Imagine being Confederate President Jefferson Davis' personal ambassador in Abraham Lincoln's Washington and you get some idea of the diplomatic challenge facing Salambek Maigov, breakaway Chechnya's top man in Moscow.

Since February, the 36-year-old economist and scholar has been the designated negotiator in Moscow for the breakaway Chechen rebel government of Aslan Maskhadov, even as Russian President Vladimir Putin presses a bloody and seemingly endless campaign to crush the separatist movement in Chechnya.

Officially ignored but tolerated in Moscow, Mr. Maigov yesterday was in Washington to appeal for U.S. and Western aid and security guarantees to end Russia's efforts to impose a settlement on his people.

The Kremlin's efforts to impose its own constitution and local administration on the Chechens are "a farce," Mr. Maigov said, speaking through an interpreter in an interview near the end of a Washington visit.

"They are an insult and denigration of the very idea of democracy," he added. "If we continue on the Kremlin's course, we will just continue on a course of war, violence and human catastrophe."

Mr. Maigov's diplomatic forays have clearly stung the Kremlin. He speaks often to the press, and has met with human rights groups, think tanks and U.S. and EU officials.
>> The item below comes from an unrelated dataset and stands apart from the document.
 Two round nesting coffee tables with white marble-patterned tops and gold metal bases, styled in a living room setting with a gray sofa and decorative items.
Sergei Yastrzhembsky, Mr. Putin's senior spokesman on Chechnya, said the Kremlin had no intention of negotiating with the Maskhadov government. He called Mr. Maigov's efforts to renew talks "the private matters of a representative whom no one recognizes."
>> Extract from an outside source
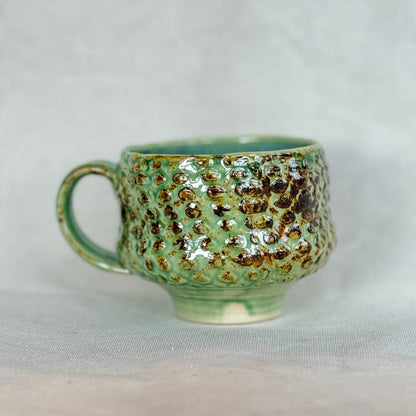 Green ceramic mug with brown speckles on a light gray background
Russian Defense Minister Sergei Ivanov told reporters this week that negotiating with Mr. Maskhadov is equivalent to negotiating with ousted Taliban leader Mullah Mohammed Omar of Afghanistan.

The Chechen diplomat acknowledged that U.S. support for his cause had fallen in the wake of the September 11 attacks, when Mr. Putin closely identified himself with the U.S.-led war on terrorism and Washington muted its previous criticisms of Russia's actions in Chechnya. Terrorist strikes blamed on Chechens -- including the takeover of a Moscow theater last fall and last month's bombing at a Moscow rock concert -- have also damaged support abroad.

State Department officials would only meet briefly with Mr. Maigov at a site outside the department building this week, but Mr. Maigov said he found much more sympathy among Defense Department policy-makers and intelligence analysts, who met with him for a much longer time inside the Pentagon.

He said U.S. officials promised that the issue of Chechnya would be raised by Mr. Bush at a planned summit with Mr. Putin in September.

Mr. Maigov said the Maskhadov government has strongly condemned terrorist strikes targeting Russian civilians, and he said the rebel government was "ready to make real accommodation for Russia's national security interests in our region."

But he hedged on whether Chechens were prepared to give up their quest for full independence from Moscow, something Mr. Putin has vowed never to allow.

"We are realists," Mr. Maigov said, "but one thing we will never allow ourselves to do is to take away the right of future generations of Chechens to determine their political status. That is why it is so important for us to have international guarantees of security.

Mr. Maigov, a onetime political rival to Mr. Maskhadov, served as a minister in the first independent Chechen administration of the mid-1990s. He then was active in Russian politics, even serving in a pro-Putin party, before quitting to take the Chechen representative's post earlier this year.

Part diplomat, part propagandist, part back-channel conduit, part bargaining chip, part hostage, part Kremlin insurance policy, Mr. Maigov acknowledges his anomalous position in Moscow. His predecessor in the post is currently in London, fleeing terrorist criminal charges lodged by the Kremlin.

"Ever since I was appointed to this post, there is not a single day when I don't recognize that I might be arrested the next morning," Mr. Maigov said.

"But I was brought up on the belief that all Chechens must share the same fate, no matter what."